Title: American Indians in World War I: At War and At Home (WWI)
Author: Thomas A. Britten
This book explores the Native American veterans’ experiences during WWI, both on the battlefield and back home following their contribution to the U.S. wartime efforts. Further, this book details the Native American women’s volunteer contributions.
Title: The Unbreakable Code (Navajo, WWII)
Author: Sarah Hoagland Hunter
Illustrator: Julia Miner
This picture book follows John, a young Navajo boy who is moving to Minnesota with his mother and step-father. He does not want to leave, but his grandfather, a Navajo code talker of WWII, explains to him that the Navajo language will always tie him to his native land.
Title: Code Talker: A Novel about the Navajo Marines of World War Two (Navajo, WWII)
Author: Joseph Bruchac
Code Talker, a fictional novel, introduces the audience to Ned Begay, a Navajo boy who is only 16 years old when he becomes a Navajo code talker in the WWII conflict against Japan. This book honors the Navajo culture and language.
Title: Code Talker: The First and Only Memoir By One of the Original Navajo Code Talkers of WWII (Navajo, WWII)
Author: Chester Nez
Until 1968, the Native American veterans who used code during World War II could not talk about the code — it was classified. This memoir follows 89-year-old Chester Nez’s experiences growing up on the Navajo Reservation and joining the war effort. This book includes the actual Navajo code and rare photos from the war.
Title: Navajo Code Talkers: Secret American Indian Heroes of World War II (Navajo, WWII)
Author: Brynn Baker
In this informational book, fact boxes, infographics, and sidebars aid in explaining how Navajo code talkers in the Marines were able to transmit information in WWII without the Japanese military cracking the code.
Title: Missing in Action (Navajo, WWII)
Author: Dean Hughes
Jay Thacker’s father, who is fighting for the Navy in the Pacific during WWII, is missing in action. When Jay moves to Delta, Utah, with his mom and starts working in the fields, he meets Ken, a worker from the nearby Japanese internment camp. This book is about an unlikely friendship and the power of prejudice and intolerance.
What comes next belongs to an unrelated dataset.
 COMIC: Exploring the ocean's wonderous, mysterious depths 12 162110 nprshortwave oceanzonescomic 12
Title: Quiet Hero: The Ira Hayes Story (Pima, WWII)
Author and Illustrator: S. D. Nelson
Ira Hayes, who grew up on the Gila River Indian Reservation in Arizona, joined the Marine Corps during WWII. When he was sent to Iwo Jima, he was part of the famous photograph of four soldiers raising an American flag. The war, this photograph, and the national attention that he received changed Hayes’s life.
Title: World War II and the American Indian (WWII)
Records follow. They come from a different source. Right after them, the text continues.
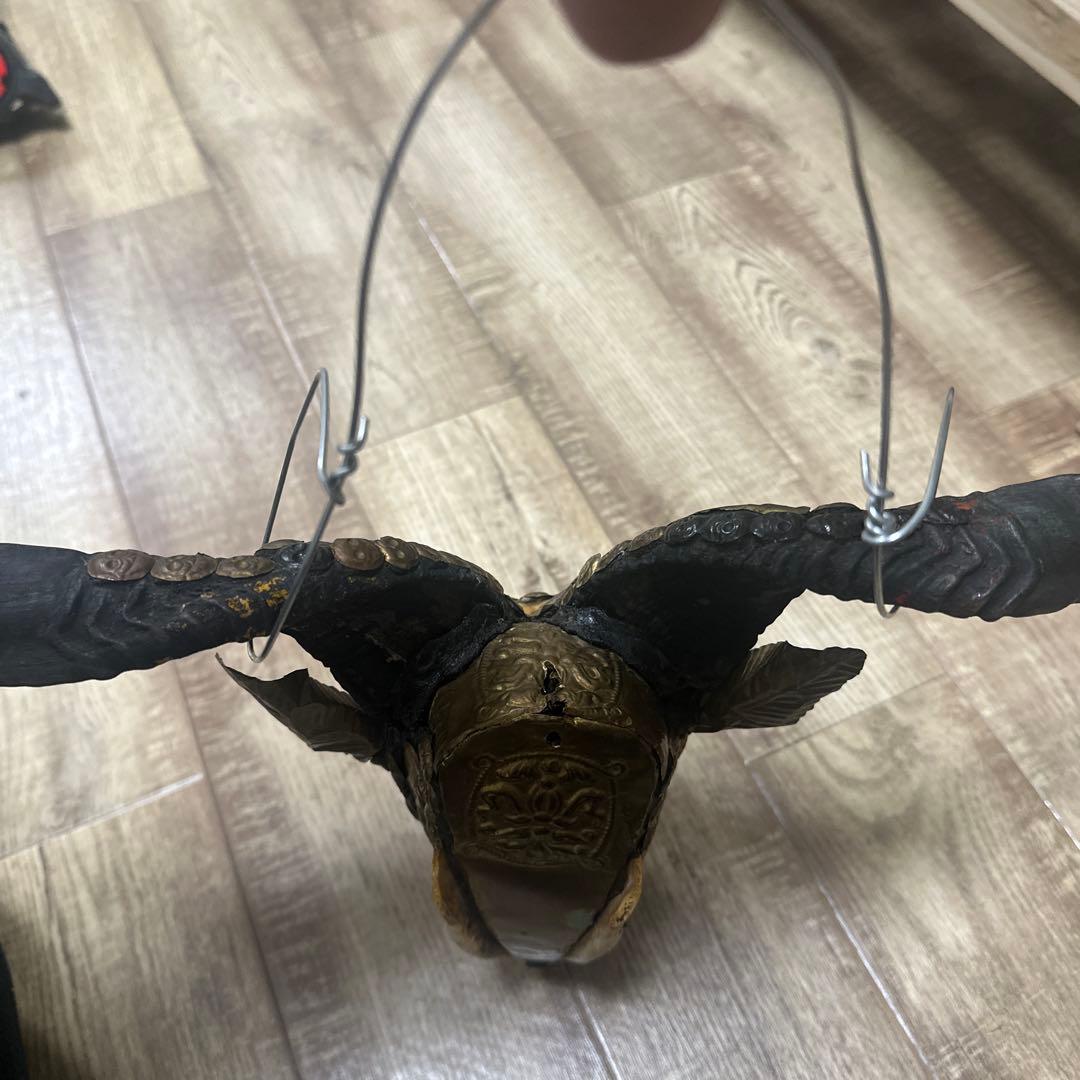 チベタンスカル　山羊　モンクスカル　チベット　法具　チベタンゴート　頭蓋骨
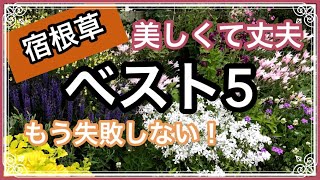 《失敗の中から厳選！宿根草ベスト５》秋に植えたい／丈夫で美しい宿根草（球根）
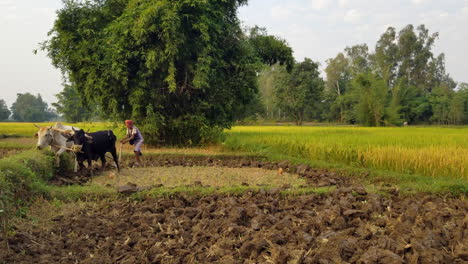 Ein-Mann,-Der-Mit-Seinen-Ochsen-Ein-Reisfeld-In-Nepal-Umpflügt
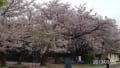 ２０１３年春　西公園・舞鶴公園・大濠公園の桜まとめ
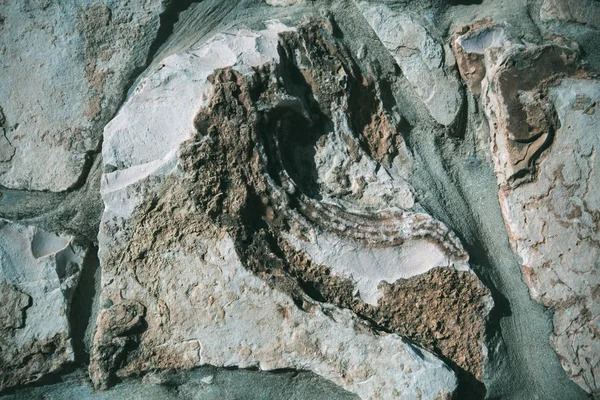 Nahaufnahme der Natursteinmauer. Textur der Steinmauer — Stockfoto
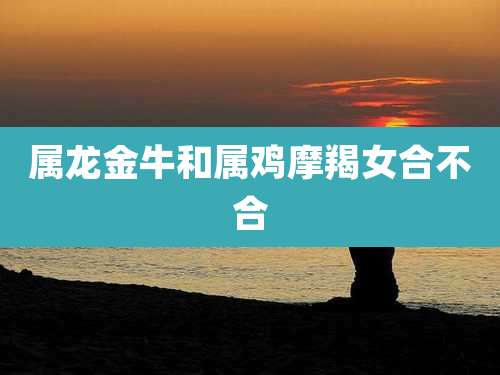 属龙金牛和属鸡摩羯女合不合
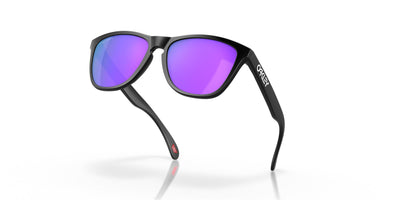 Oakley Frogskins OO9013-Sunglasses-Topline Eyewear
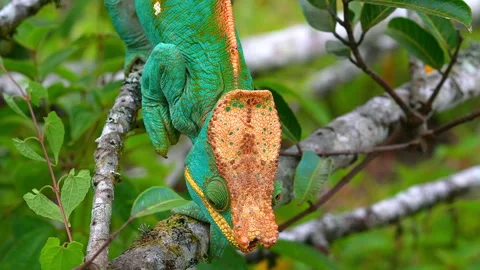 View from above on the head shield of a Madagascan giant chameleon Stock-Footage 242379955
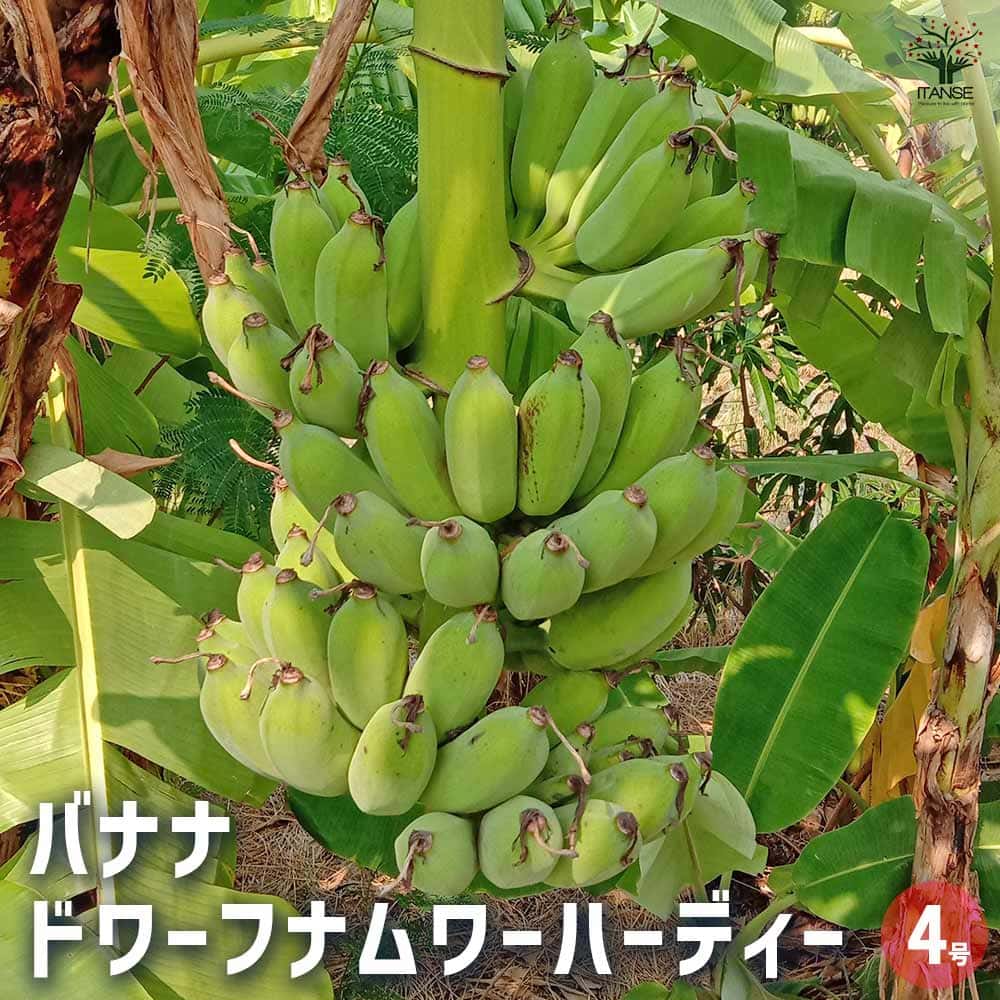 来年開花？特大苗210cmバナナ＝糖度モンスター◆ドワーフ　コーキバナナ◆耐寒強 バナナ 苗 ドワーフモンキー 6号 大苗 果樹苗 バナナの木 送料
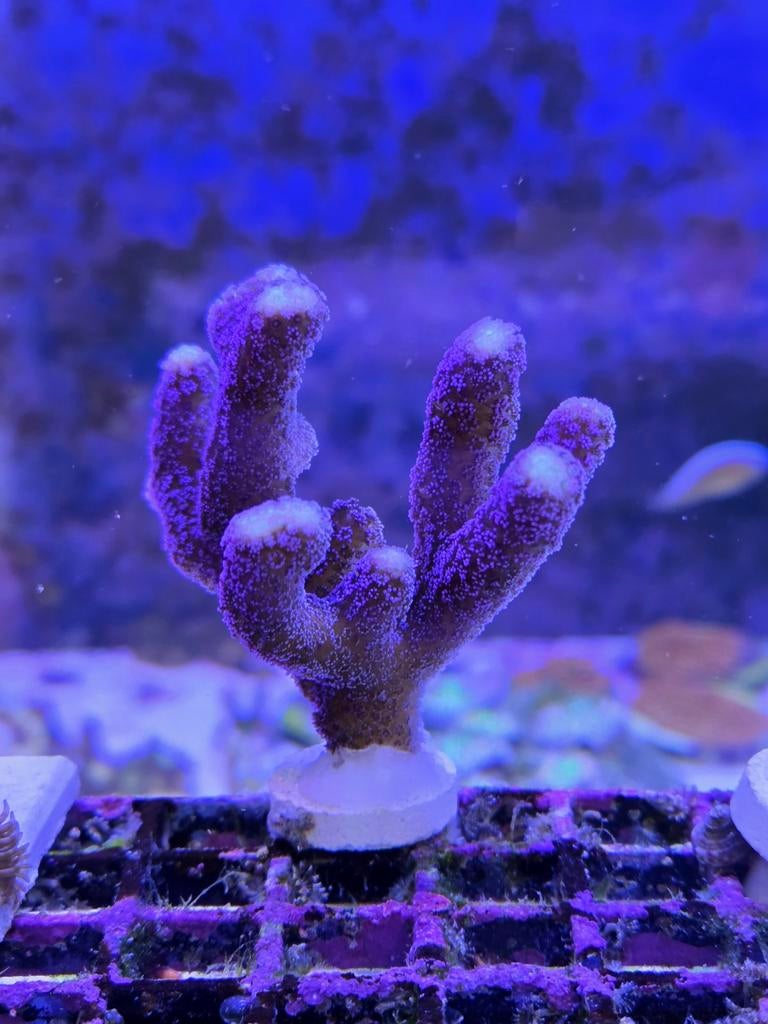 Stylopora Milka stekken, Overige typen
Author: Kenneth William Townsend
This informative text, while not a children’s book, gives important background to the Native American experience during WWII. This book is a full account of these experiences from the 1930s to 1945. Included with the history are Native American responses and perspectives that have not been included in other sources.
Title: Year in Nam: A Native American Soldier’s Story (Jicarilla Apache, Vietnam)
Author: Leroy TeCube
Leroy TeCube, who lived on the Jicarilla Apache reservation, left home to serve in the Vietnam War. Year in Nam is TeCube’s story of the war and how his Native American heritage was challenged.
Title: From Warriors to Soldiers: The History of Native American Service in the United States Military
Author: Gary Robinson
From Warriors to Soldiers tells the story of the Native American veterans — what they do and why they do it. To defend their homeland, Native Americans have enlisted in the military in higher numbers, per capita, than other ethnic groups.
Title: Warriors in Uniform: The Legacy of American Indian Heroism
Author: Herman J. Viola
This book, an illustrated history of the Native American legacy of heroism, covers Native American warriors from the 1700s to the present.